ענין לאו זה שנמנענו שלא ניחד מחשבותינו לחשוב בדעות שהם היפך הדעת שהתורה בנויה עליו לפי שאפשר לבוא מתוך כך למינות

The nature of this prohibition is that we are prevented from directing our thoughts to think about ideas that are contrary to the ideas that the Torah is built upon, because it is possible to come from this to heresy.

This seems to be saying that there is a prohibition of thinking about things that might lead to heresy, because they might lead to heresy. I.e. this mitzvah is designed to prevent one from reaching heresy. This implies that the intermediate step – thoughts about ideas contrary to the ideas the Torah is built upon – is not actual heresy. I.e. thinking things contrary to the Torah foundations may lead to heresy but is not itself heresy.

In the second Beiur Halacha (ד"ה הוא) R. Yisrael Meir Kagan quotes the Sefer Hachinuch about Six Constant Mitzvos, of which mitzvah # 387 is the sixth. In his quote for this mitzvah he writes:

ובכלל אפיקורסות הוא כל מחשבות זרות שהם היפך דעת התורה

And included in heresy are any foreign thoughts that are contrary to the view of the Torah.

This does not seem to be an accurate quote/paraphrase of the Sefer Hachinuch on two counts.

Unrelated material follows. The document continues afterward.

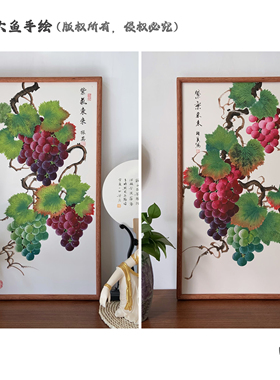 纯手绘葡萄国画水墨画客厅书房茶室办公室卧室挂画装饰画35×68cm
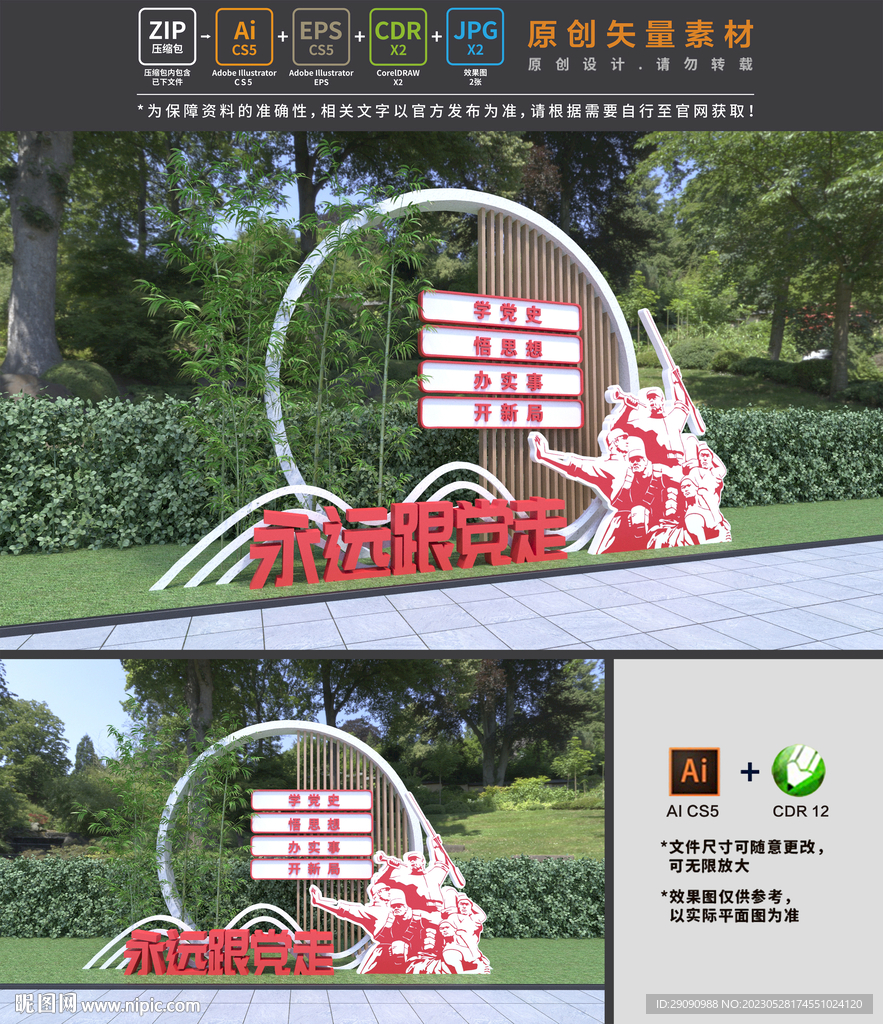 党建雕塑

  1. The Beiur Halacha claims that these thoughts are themselves heretical, while the Sefer Hachinuch only says that they lead to heresy.
  2. The Beiur Halacha seems to include anything that goes against any Torah idea, whereas the Sefer Hachinuch only mentions things that go against the Torah's foundational ideas.

Did R. Yisrael Meir Kagan believe that the Sefer Hachinuch is in consonance with what he wrote? If yes, what is the explanation? If not, why does he claim that he is quoting/paraphrasing the Sefer Hachinuch when he is in fact expanding on the ideas mentioned in the Sefer Hachinuch?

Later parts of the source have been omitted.